=== Begin Enclosure ===

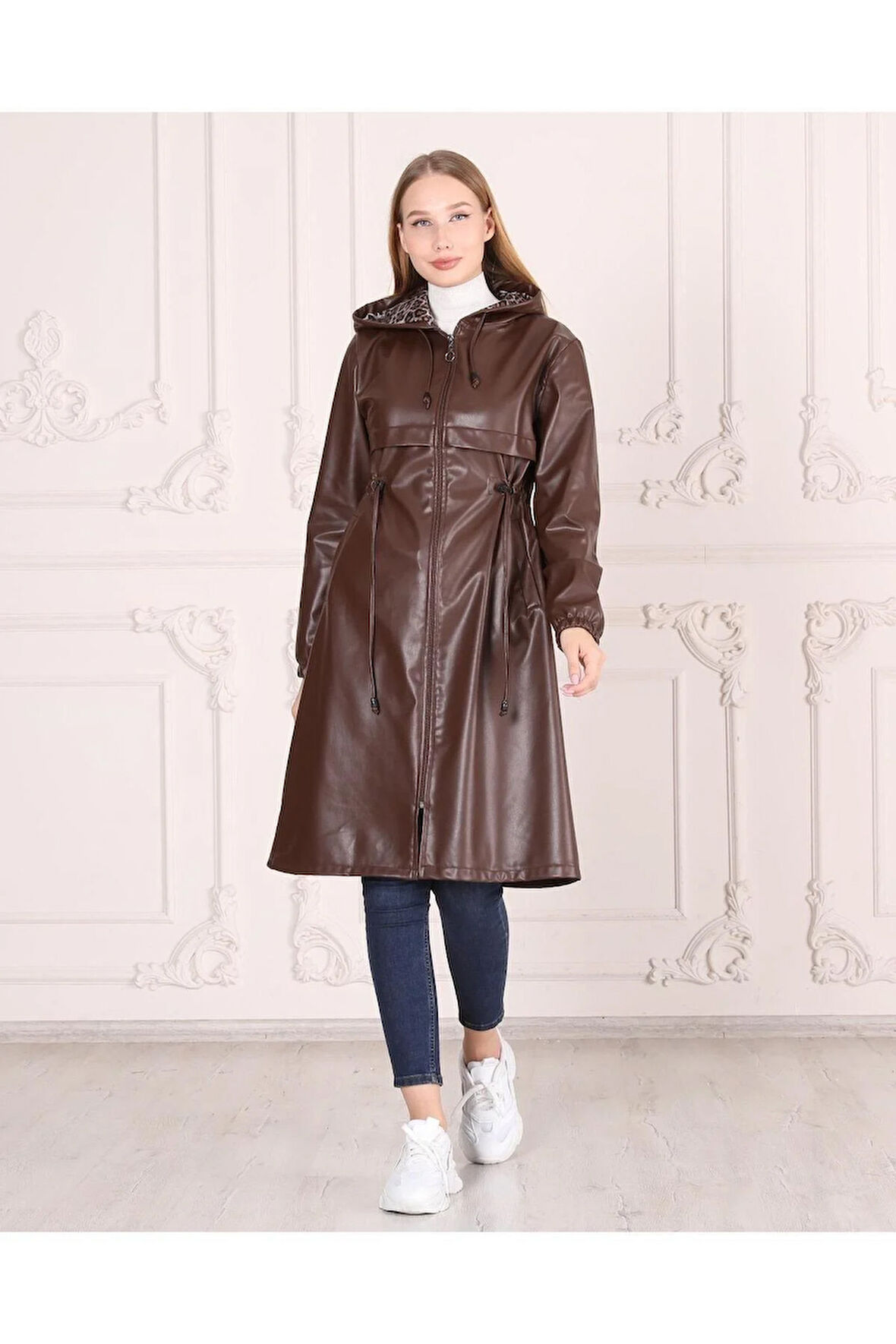 Kadın Kapüşonlu Deri Kap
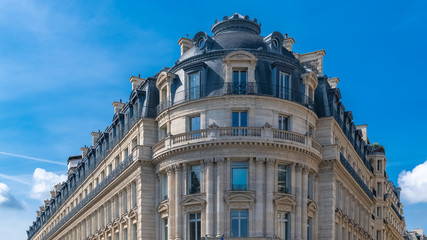 Obraz premium Paris, France, beautiful building, panorama of typical parisian facade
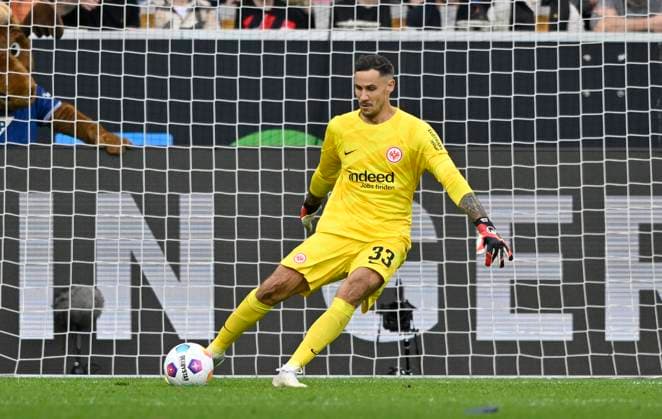 Timothy Chandler Eintracht Frankfurt SGE 22 on the ball action TSG 1899 Hoffenheim vs Eintracht Frankfurt SGE 21 10 2023 DFL REGULATES PROHIBIT ANY USE OF PHOTOGRAPHS AS IMAGE SEQUENCES AND OR QUASI VIDEO TSG 1899 Hoffenheim vs Eintracht Frankfurt SGE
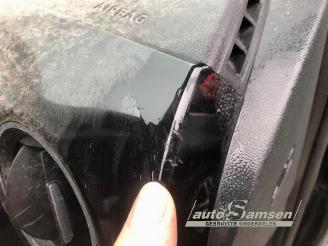 Volkswagen Up! Up! (121), Hatchback, 2011 1.0 12V 75 picture 9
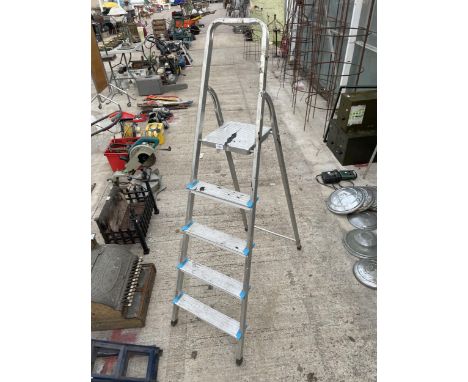 A FOUR RUNG BELDRAY ALUMINIUM STEP LADDER 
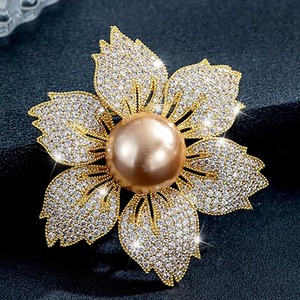 دبوس زينة أنيق على شكل زهرة البوهينيا البنفسجية للنساء - Product Image 2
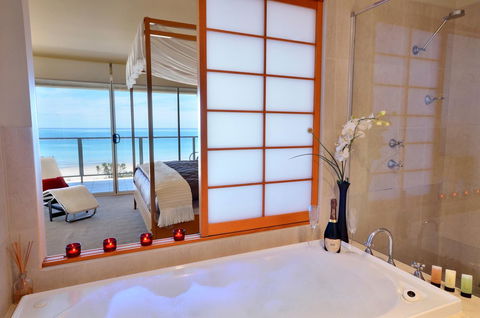 Adelaide Luxury Beach House - Brisbane Tourism 10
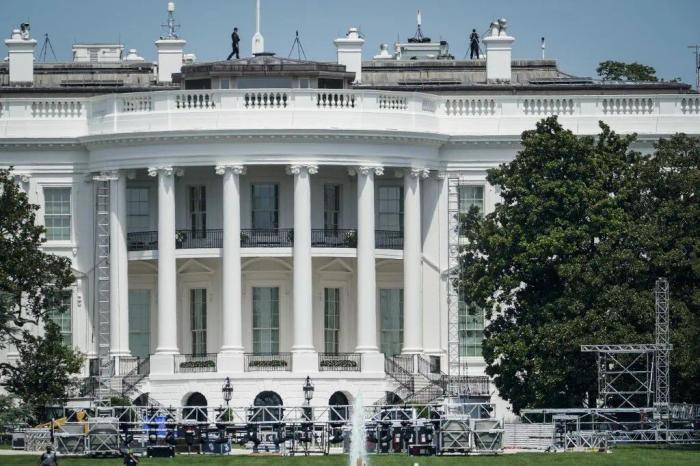 Un homme « brandissant une arme à feu » a été neutralisé par le Secret Service ce dimanche 9 mars au matin, à proximité de la Maison Blanche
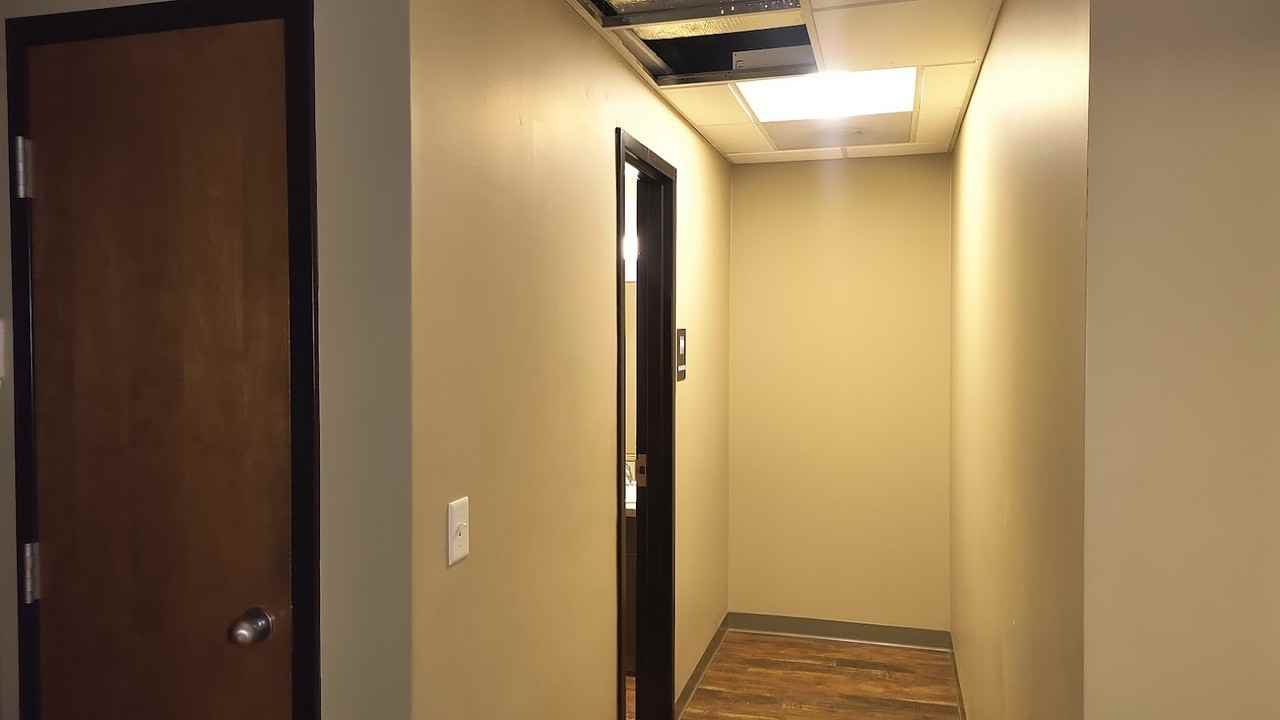 800 S Main St #1 - Photo 6 of 34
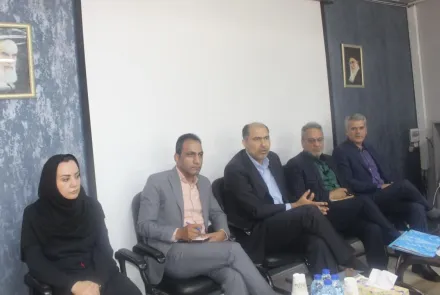 نشست صمیمی با کارکنان بیمارستان حضرت امام خمینی(قدس سره)شهرستان فلاورجان 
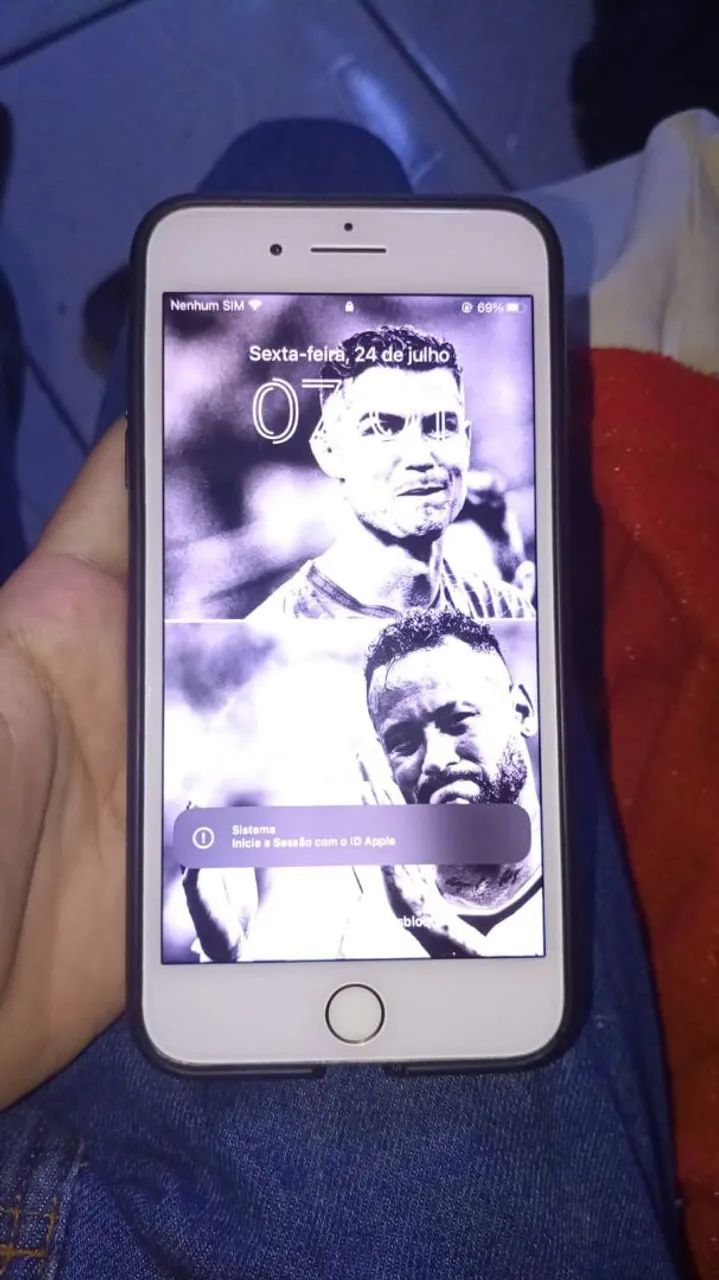 VENDO ESSE IPHONE 8 PLUS, SOMENTE COM A CÂMERA ESCURA.  - Foto 4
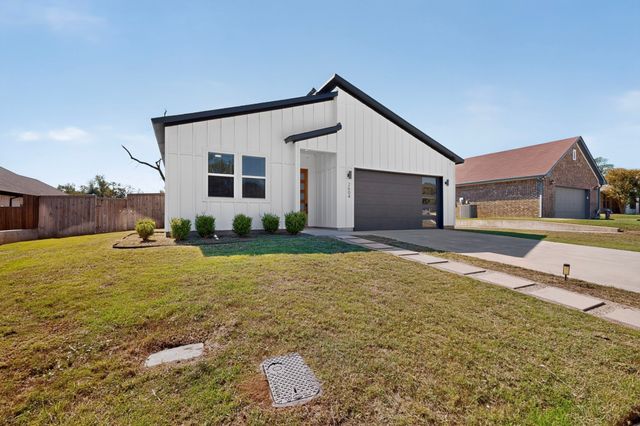 2604 Flora Lane, Denison, TX 75020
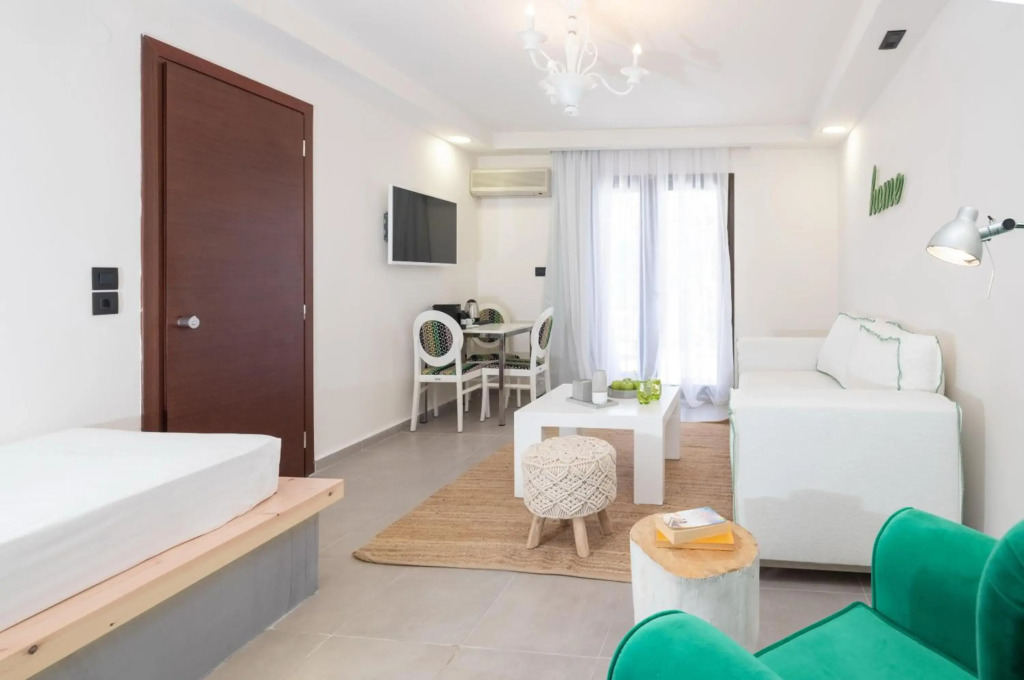 Eva Mare Hotel & Suites
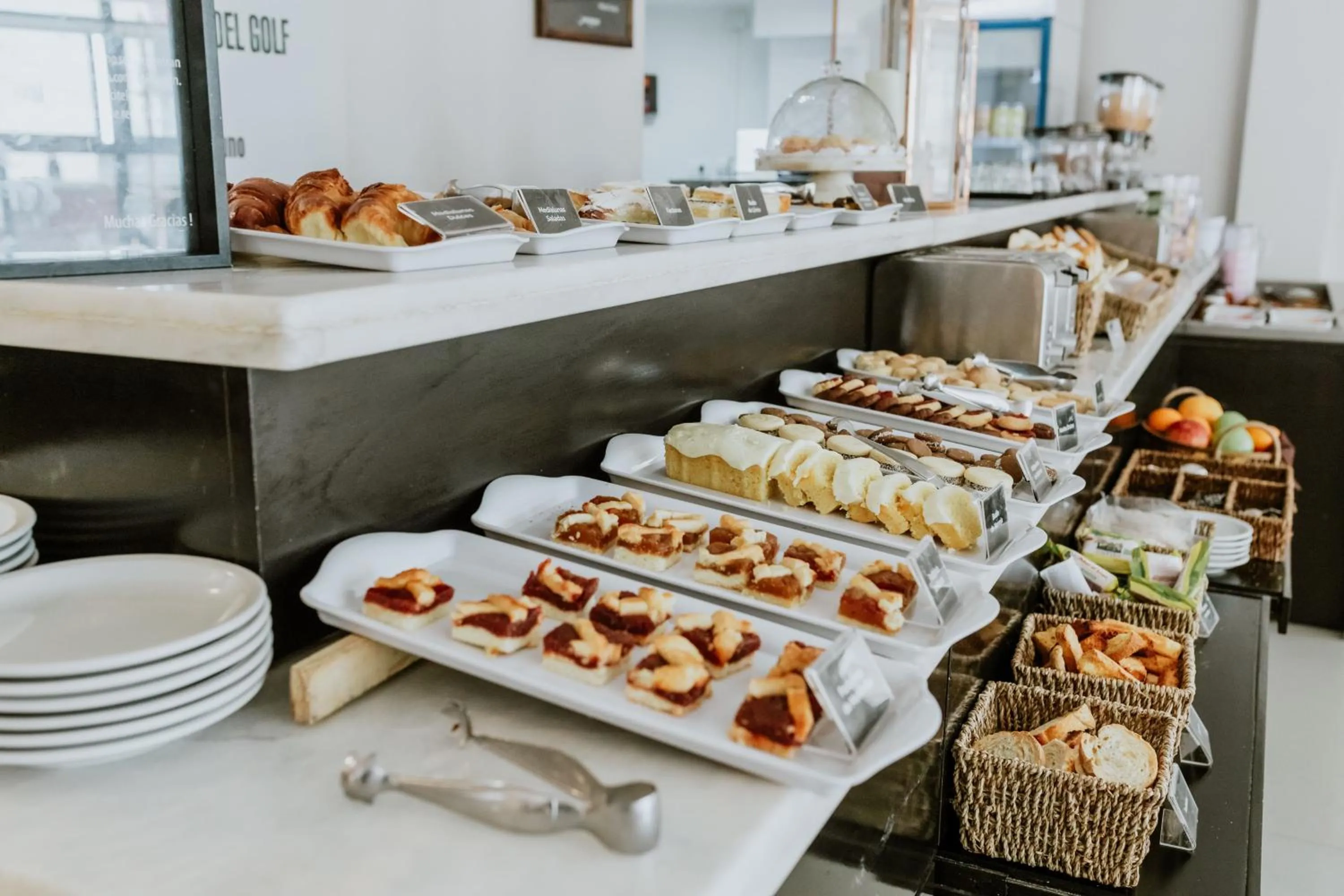 Buffet breakfast in Hotel Club del Golf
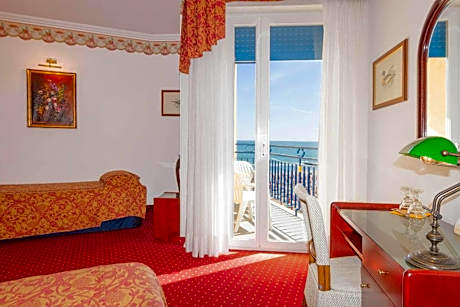 Junior Suite with Balcony (2 Adults)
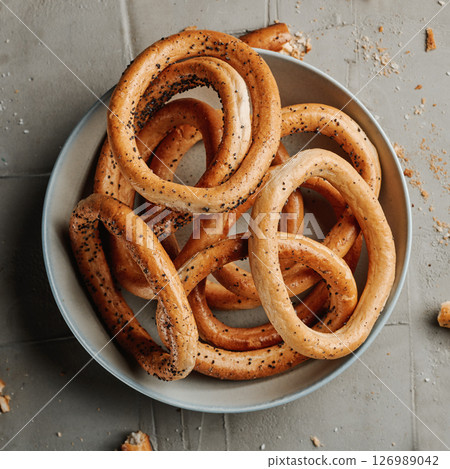 plate with some romanian bread rings 126989042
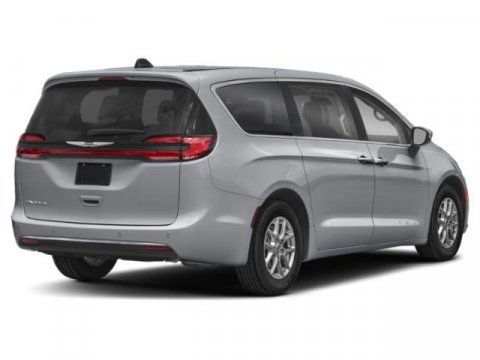Used 2024 Chrysler Pacifica Touring-L image 4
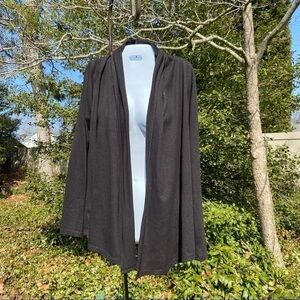 Vanheusen sweater jacket with tuck at waist. Perfect for when things get chilly.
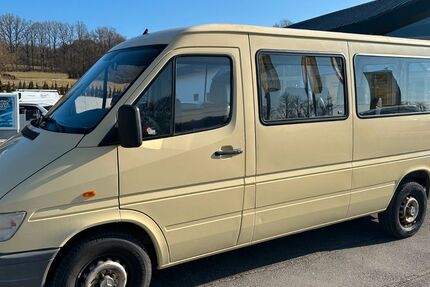 Mercedes-Benz Sprinter 70.650 km 15.700 € Sonnefeld 96242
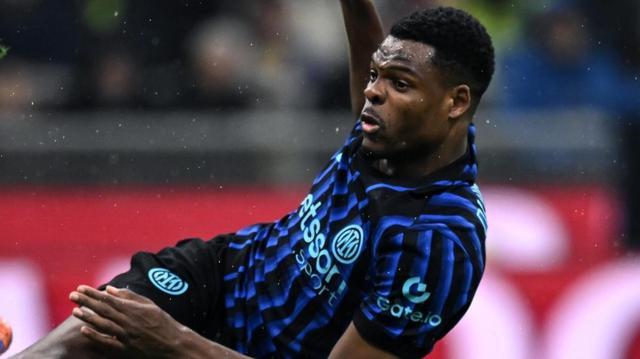 都体：邓弗里斯可能继续缺席与马竞比赛；泽林斯基已参加合练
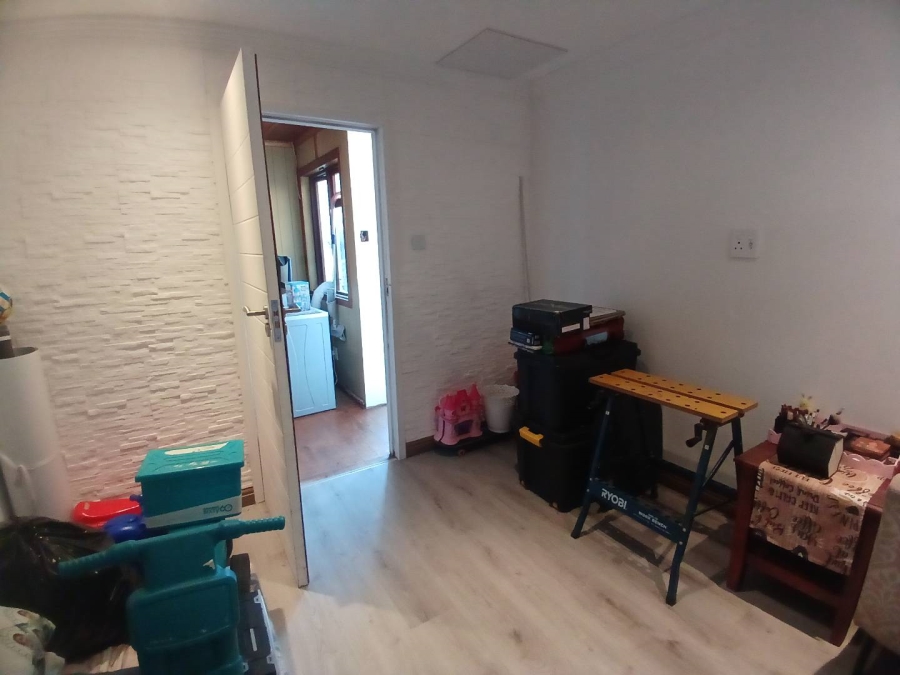 3 Bedroom Property for Sale in Dana Bay Western Cape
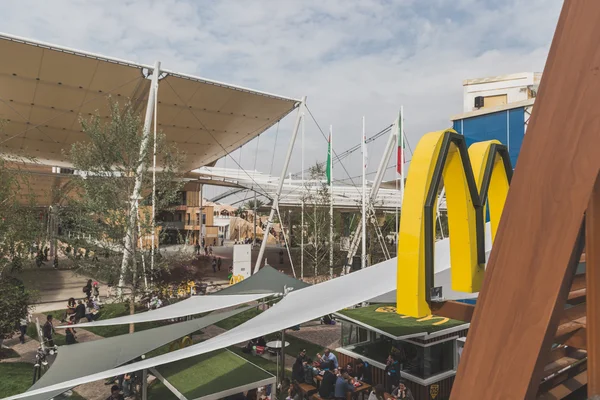 McDonald 's logo at Expo 2015 in Milan, Italy — стоковое фото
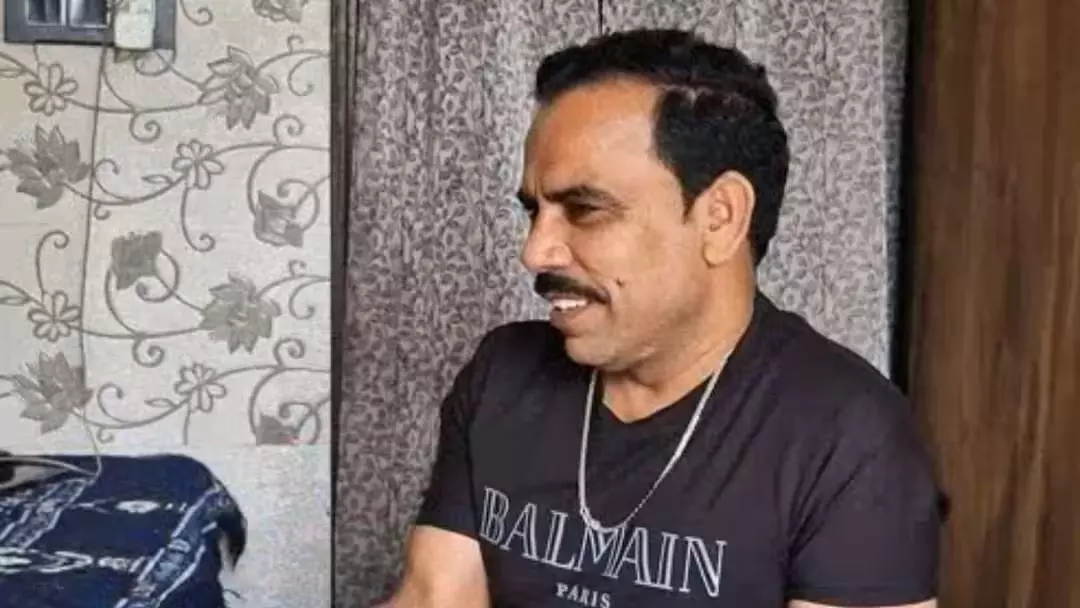 मेरठ : ‘10 रुपए का बिस्कुट कितने का है जी’ से मशहूर हुए सोशल मीडिया इंफ्लुएंसर शादाब मुश्किल में — विवादित वीडियो पर कार्रवाई, गिरफ्तारी के बाद जमानत मेरठ : ‘10 रुपए का बिस्कुट कितने का है जी’ से मशहूर हुए सोशल मीडिया इंफ्लुएंसर शादाब मुश्किल में — विवादित वीडियो पर कार्रवाई, गिरफ्तारी के बाद जमानत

=== End Enclosure ===

### TASK GOAL
Set down exactly the lines between the line containing "Adelaide Luxury Beach" and the end of the records above, both ends included; pictures stay out.

### RESPONSE TO THIS EXERCISE
 Adelaide Luxury Beach House - Brisbane Tourism 10
 Un homme « brandissant une arme à feu » a été neutralisé par le Secret Service ce dimanche 9 mars au matin, à proximité de la Maison Blanche
 800 S Main St #1 - Photo 6 of 34
 نشست صمیمی با کارکنان بیمارستان حضرت امام خمینی(قدس سره)شهرستان فلاورجان 
 VENDO ESSE IPHONE 8 PLUS, SOMENTE COM A CÂMERA ESCURA.  - Foto 4
 2604 Flora Lane, Denison, TX 75020
 Eva Mare Hotel & Suites
 Buffet breakfast in Hotel Club del Golf
 Junior Suite with Balcony (2 Adults)
 plate with some romanian bread rings 126989042
Used 2024 Chrysler Pacifica Touring-L image 4
 Vanheusen sweater jacket with tuck at waist. Perfect for when things get chilly.
 Mercedes-Benz Sprinter 70.650 km 15.700 € Sonnefeld 96242
 都体：邓弗里斯可能继续缺席与马竞比赛；泽林斯基已参加合练
 3 Bedroom Property for Sale in Dana Bay Western Cape
 McDonald 's logo at Expo 2015 in Milan, Italy — стоковое фото
 मेरठ : ‘10 रुपए का बिस्कुट कितने का है जी’ से मशहूर हुए सोशल मीडिया इंफ्लुएंसर शादाब मुश्किल में — विवादित वीडियो पर कार्रवाई, गिरफ्तारी के बाद जमानत मेरठ : ‘10 रुपए का बिस्कुट कितने का है जी’ से मशहूर हुए सोशल मीडिया इंफ्लुएंसर शादाब मुश्किल में — विवादित वीडियो पर कार्रवाई, गिरफ्तारी के बाद जमानत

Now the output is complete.